Thermochemical Biomass Conversion
Much consideration has been paid to the investigation of the thermochemical conversion of biomass to fuels and chemicals since the oil crises of the 1970s; and current environmental and economic conditions, such as global warming and volatile global oil prices, have fueled a resurgent interest in research focusing on novel conversion pathways. The most noticeable interest has been in the development of biological conversion routes for the production of liquid fuels and chemicals from ligno-cellulosic materials. There is a growing interest; however, in thermochemical conversion pathways such as slow-pyrolysis, fast-pyrolysis and gasification as independent conversion processes and for use with biological conversion in integrated bio-refineries. Additionally, biomass combustion is being further employed for heat and power systems due to its lower CO2 intensity.

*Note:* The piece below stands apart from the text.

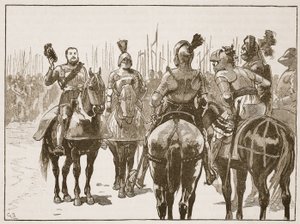 هنري والضباط الفرنسيين الأسرى ، رسم توضيحي من Cassells Illustrated History of England (sepia photo) بواسطة مدرسة اللغة الإنجليزية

The abovementioned thermochemical conversions – pyrolysis, gasification and combustion – share many of the same physical and chemical sub-processes that characterize the conversion. The aim of the thermochemical biomass conversion research group is aimed at the development of predictive multi-scale models of the chemical and physical conversion of biomass. Our current work is focused on fluidized bed gasification for syngas production, however many of these methods have general application to other conversions such as thermochemical pretreatments - torrefaction - as well as fast pyrolysis to bio-oil.